Thursday, May 4, 2017

I Don’t Judge

Today is adoption day. 

In the foster care world, we tend to celebrate this day with family, friends, and food (usually in that order).  It’s like celebrating the birth of a child.  It is anticipated, exciting, and full of love and uncertainties. 

Everyone offers their congratulations.  Everyone celebrates. 

Well, mostly everyone. 

There are always two sides to a story. 

Especially an adoption story.

It is easy to forget that other side. 

I don’t believe that anyone truly enjoys dwelling on unhappy things.  No one celebrates loss with food and festivities.  It is human nature to shy away from unpleasantness.  So, while we are happily celebrating our joyous occasion, we neglect to recognize that somewhere there is another family that is grieving a loss just as profound.

Let me clarify my title. 

The bible tells us that we should “judge not.”  Then it goes on to tell us how to judge others and cautions us to be fair in our judgement and to judge righteously.  It then gives us a warning: God will use our example in how fairly we judge others, to determine how He will judge us.

Ouch.

That’s a pretty hefty warning. 

How do we judge righteously?  It seems correct to assume that a righteous person prays to God for guidance.  It can be concluded that if you wanted to judge righteously, you need to include God in your attempt to judge.  He knows all.  He is the perfect judge.  If you ask Him, he will guide you in your judgements. 

And then He will watch you. 

According to scripture, He will take note of how we judge our spiritual brothers and sisters and then offer us the same measure of fairness (or unfairness) when it is our turn to be put on that heavenly trial for our life decisions.

That’s awesome.  And a little scary.

I try to teach my children that the parents whose children come to our home are not bad people.  We talk about how good people make bad choices sometimes. 

We all do. 

We talk about how our choices affect others, for better or worse.  We talk about how some choices are difficult to stop making.  Especially when our choices lead to bad habits or addictive behavior.  I try to stress to my kids that we need to be slow to judge.  We don’t know the whole story.  There’s no way we can.  Only God knows all and only He can judge correctly.

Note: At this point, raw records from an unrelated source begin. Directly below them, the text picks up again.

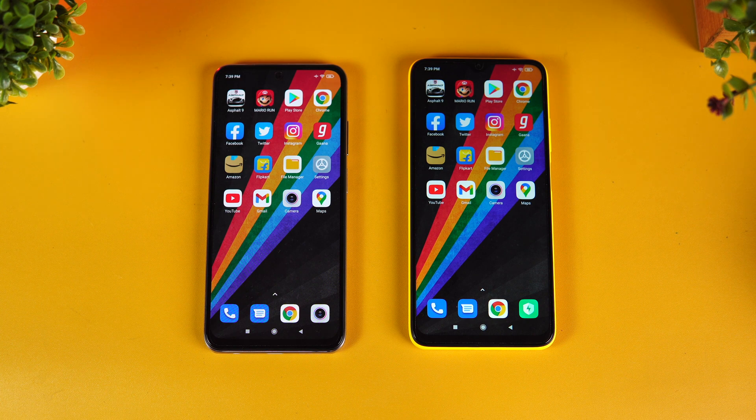The Redmi Note 10 definitely has a better chip in terms of CPU performance, but does that mean it's faster than the Poco M3? That's what we're going to find out in this speed test comparison. Before getting into the test, if this is your first time, do hit that subscribe button and also hit the bell icon to get notified of all the videos we publish.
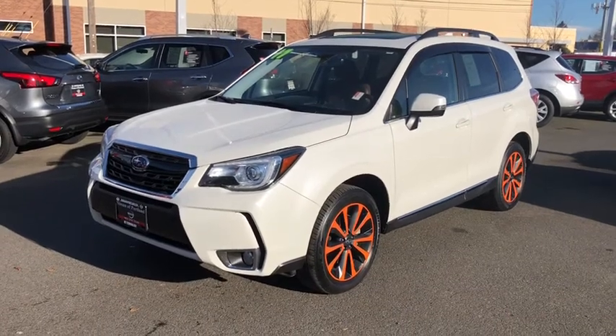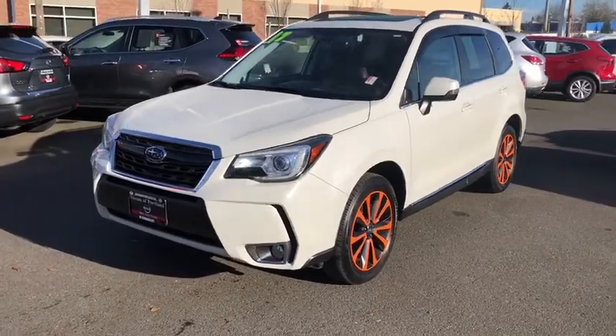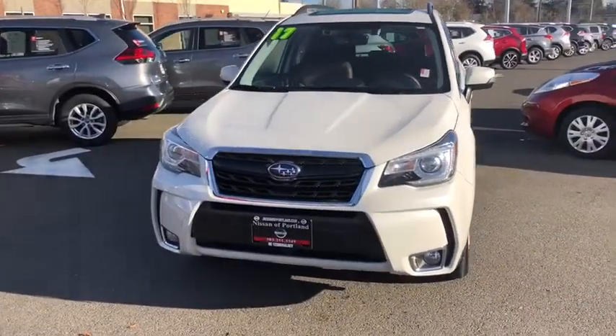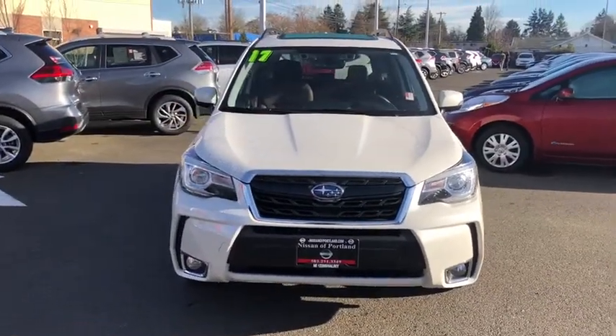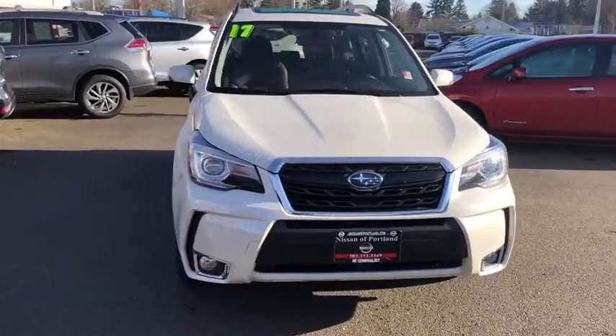The 2017 Subaru Forester. The Subaru Forester is a sensible, practical, and affordable vehicle. It has an impressive, comfortable ride and handles well. This vehicle has less than 35,000 miles.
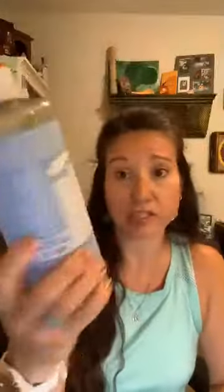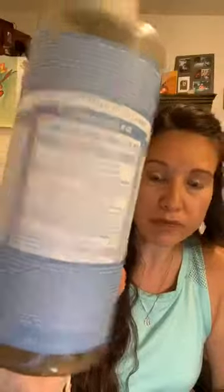I use Dr. Bronner's castile soap, but I get the baby version because it's fragrance-free. Even though Dr. Bronner's is organic and versatile, if you get the eucalyptus or peppermint scented versions, you don't know the quality or source of that fragrance. So fragrance-free is the way to go — completely clean — and I add my own pure essential oils that I know and trust.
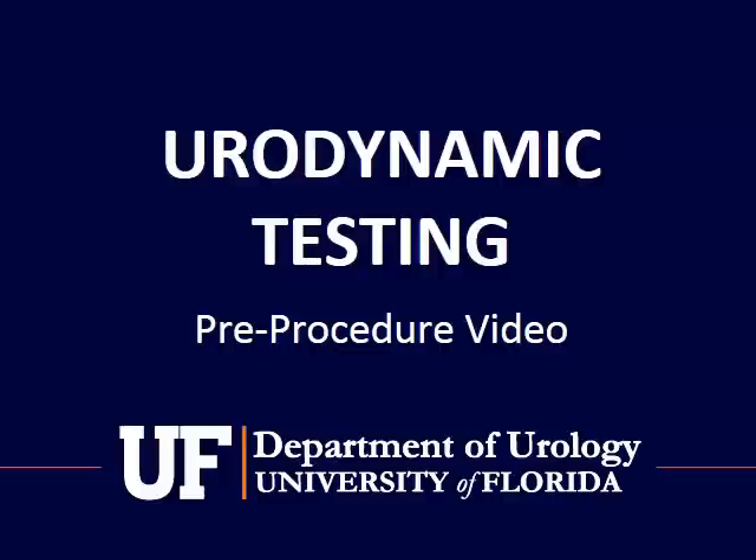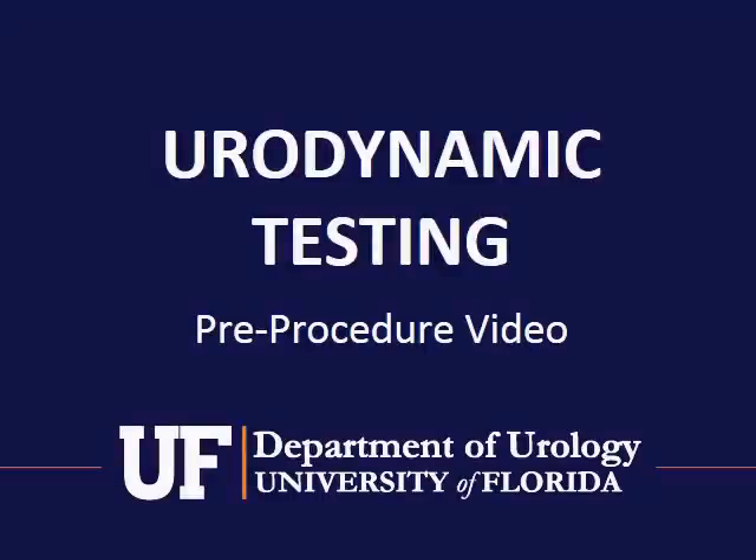This video will provide an overview of urodynamic testing, which you have been scheduled to undergo, and will describe how the testing is done, why it is done, and what you should know prior to your appointment. The information provided is of a general nature, and some details may vary according to your individual test.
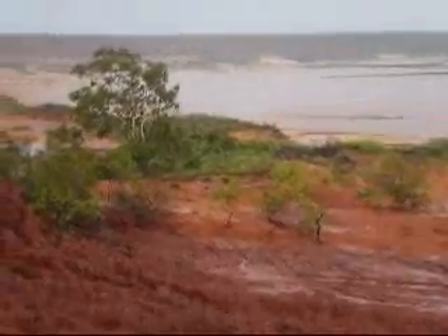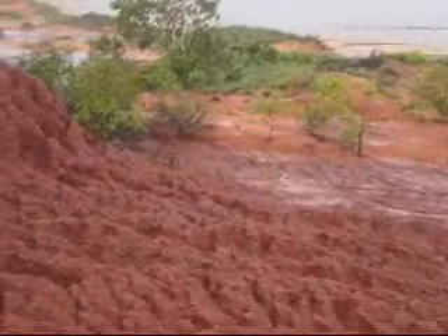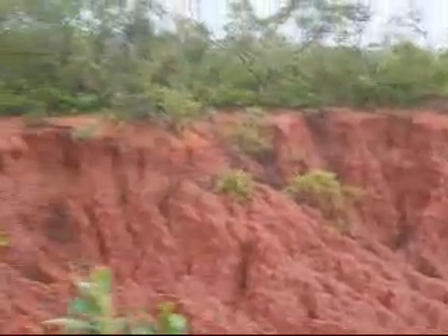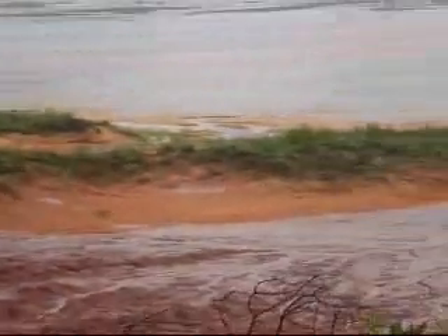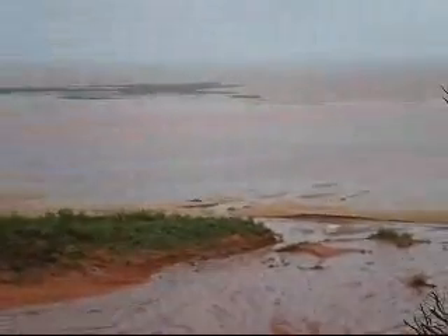Now we've just had a storm, and as you can see, the Pindan is slowly breaking away from the cliff face, and that Pindan is then taken out and flows freely out to sea and onto reefs.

When a caseworker calls me about a child who needs a foster home, I am told the circumstances surrounding the case so I can make an informed decision about caring for that child.  As the foster parent, I am told the bad choices the parents have made and how those choices led them to losing guardianship of their children. 

Let me repeat myself:  we all make bad choices.

I’ve made some pretty bad ones myself.

So who am I to judge?

Who am I to say that parents whose children are in foster care deserve to lose their rights as parents?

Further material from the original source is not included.